Oui, en dialecte de drague, tu as clairement fait ça pour 'marquer des points', mais après tout il s'agit de l'épreuve de Sciences, alors tu sais bien que tu n'auras pas grand-chose à écrire sur ta copie – une âme littéraire, peut-être ? – et puis même. Tu ne voulais pas la laisser toute seule. Un autre personnage apparaît, courant également, et tu reconnais Adrien. T'as un peu du mal à le comprendre – enfin, plus que les autres gens, disons – dans ses habitudes : soit il est hyper ponctuel, devant la salle avant même la sonnerie, soit il arrive comme maintenant une petite vingtaine de minutes en retard. À croire qu'il ne connaît pas la demi-mesure. Marinette le regarde sans rien dire, et toi tu regardes Marinette regarder Adrien. Elle est amoureuse de lui. Ça fait un peu mal. Mais tu ne peux pas lui en vouloir pour ça, alors tu l'interpelles.

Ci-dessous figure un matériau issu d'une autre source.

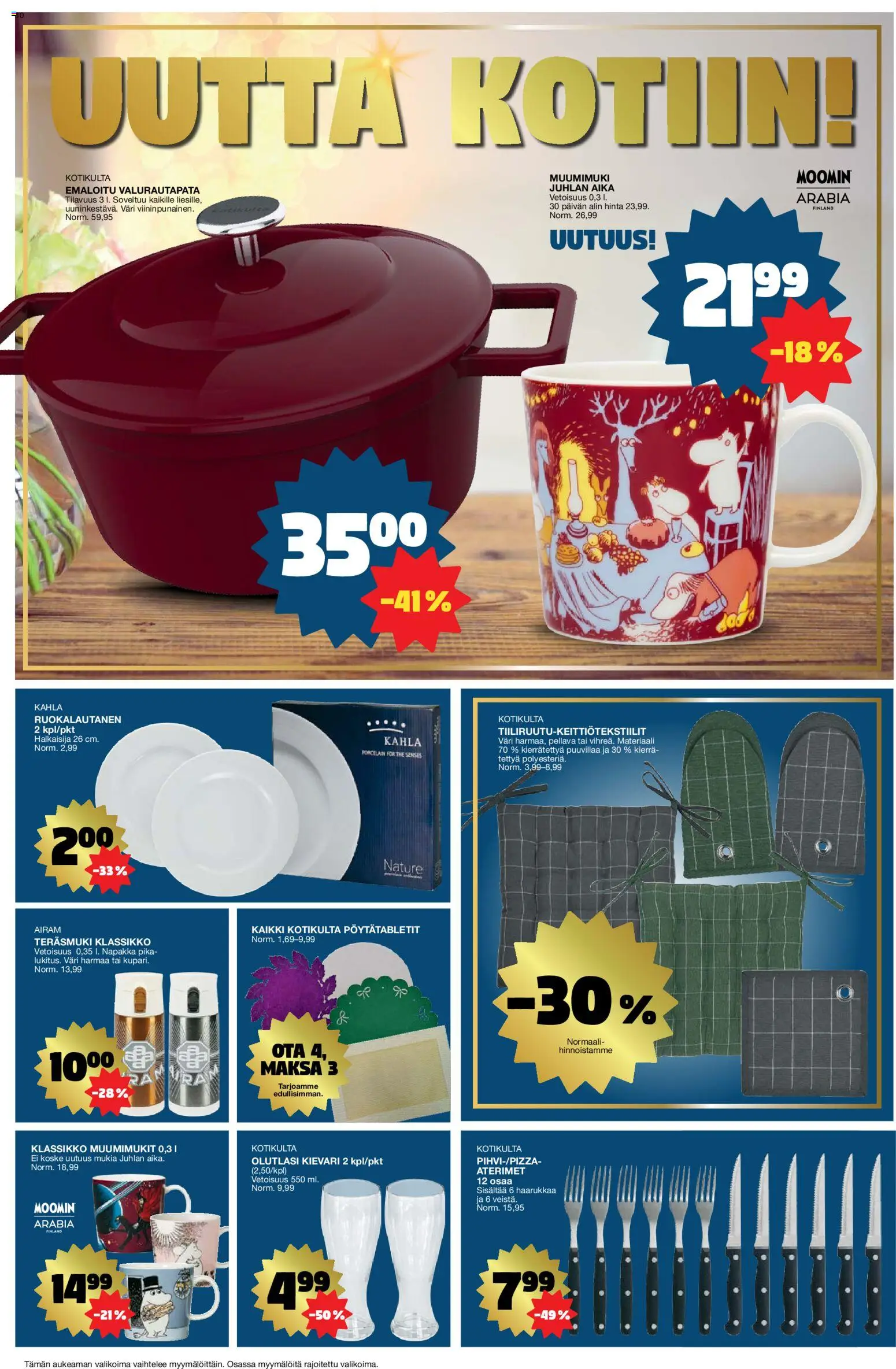 Tokmanni tarjoukset – voimassa 03.11.2025 alkaen | Sivu: 10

« Adrien ! Tu ne t'es pas réveillé non plus ?

—Euh … ouais, c'est ça.

—On compte leur dire qu'il y avait des problèmes de métro, pour être acceptés.

—Ah, cool ! »

Il s'illumine, Marinette s'illumine de le voir s'illuminer, mais toi t'es pas vraiment du genre à briller quoi qu'il arrive, surtout quand tu viens de passer vingt minutes à t'inquiéter sous un soleil de plomb pour voir qu'au final ce qui rend le plus heureuse la brune, c'est l'autre. Ah, l'égoïsme forcené de l'amour. Vous vous dirigez vers la salle en pressant le pas, Marinette a des difficultés à marcher tout en buvant et c'est forcément adorable.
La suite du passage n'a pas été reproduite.